New registrations must be manually approved which may take several days.
Can't log in? Try clearing your browser's cookies.
I feel like a bad bad buddhist today.
All my life I craved a relationship with a girl. Now I met one. Beautiful, good, intelligent, sensitive, caring and loyal.
So what do I do? I question if I won't miss men. If I will one day be unfaithful. I question my attachment to being bisexual as opposed to straight or gay. I question if I'm good enough for her. I question why she would want to spend her free time in my company.
All of it worthless... Attachment, desire, false ego, self-obsessed, pointless, self-indulgent rubbish.
I meet someone who nourishes me in so many ways. All I have to think of is this. And I call myself a buddhist...:sadc:
I wanted a fusional connection with someone special. Now I am terrified, feeling isolated and guilty for even questionning whether a woman will be enough for me. Like for years a man wasn't enough for me.
And I feel guilty vis-a-vis other bisexuals. Like the 'I can't make my mind up' stereotype is coming out here and I always deplored that.
But I like both boys and girls since I was 5 or 6. So my identity is taking a rocking here at the grand old age of 31.
I really hope someone out there understands. I am a bi buddhist and I cannot talk to friends because 99% of them are neither. And straight men find the topic interesting for the wrong reasons (those I've come across).
Monologue over.
0
Comments
Damn it! Busted! >;-)
Seriously, I used to date a bi girl. She was very nice and very normal.
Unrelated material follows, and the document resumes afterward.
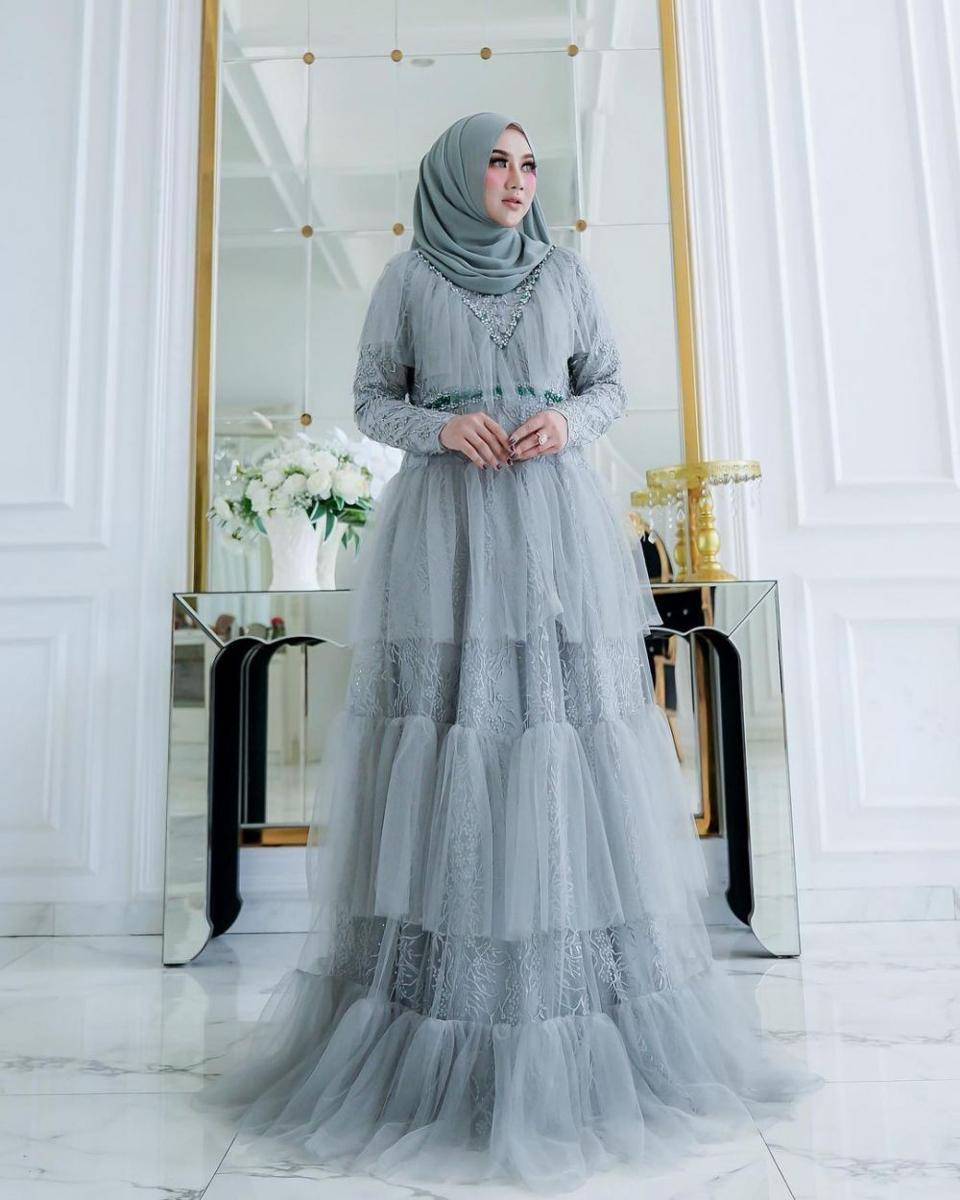 dress kondangan hijab glamor (instagram.com/ekaasyiqa)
As for the rest, our identity isn't as solid as we often perceive it to be. It's largely something we create. For example, I used to identify myself as "straight" because I'm predominately attracted to women. However, I've also found men to be attractive on occasion (not so much physically as emotionally), so what does that make me? It makes me whatever I want it to make me because I choose to see beyond the limitations of social boundaries and labels.
I actually wrote something about this back in July regarding identity politics (and while I specifically mention race, I was thinking about sexual orientation as well) if you're interested. There's the original version w/ cool video or the NewBuddhist version w/o cool video.
Elsewhere in the Buddhist Dharma there is really not a lot talked about lesbianism. Why? Because it is your choice. The aim of Buddhism is enlightenment, nirvana, happiness, freedom from worry, peace, self-realization, and so on.
If you focus your mind on learning the Dharma and the upholding the ideals of Buddhism, you can't go too far wrong.
Don't feel bad - there are millions of people around the world doing far worse things, constantly, who feel very good about themselves. (These people are not Buddhists of course nor are they wise.)
For the record; make sure you read into this statement. He's actually talking about his man-love for me.
I'm just that compelling. Make no mistake! :cool:
And we know that you're just using him. Just like you use all the straight guys.
Personally, I'm only attracted to a goat-milk latte. But tonight we got freaky and had a three way with some passion fruit chocolate. It didn't mean that much to me, but I like watching the latte have a good time.
For the record i was what you might call a 'bad buddhist' this weekend (or i prefer to call it unskilled). I pretty much maintained a sate of mindfulness for the entire weekend, sitting with breath on the english hillside with stags a plenty, etc etc. Then I reactued without restrauint to a verbal attack from my father and probably made him suffer. Unskilled!:doh:
Be confident that your intentions are positive and then live and learn.
:whatever:
You original post raised several issues. Different people have responded to different ones, and there was one brief highjacking of the thread, for which I've been feeling guilty all morning. You poured your heart out in the first post, and your sweetness and sincerity deserve a better answer than jokes about three way sex with food.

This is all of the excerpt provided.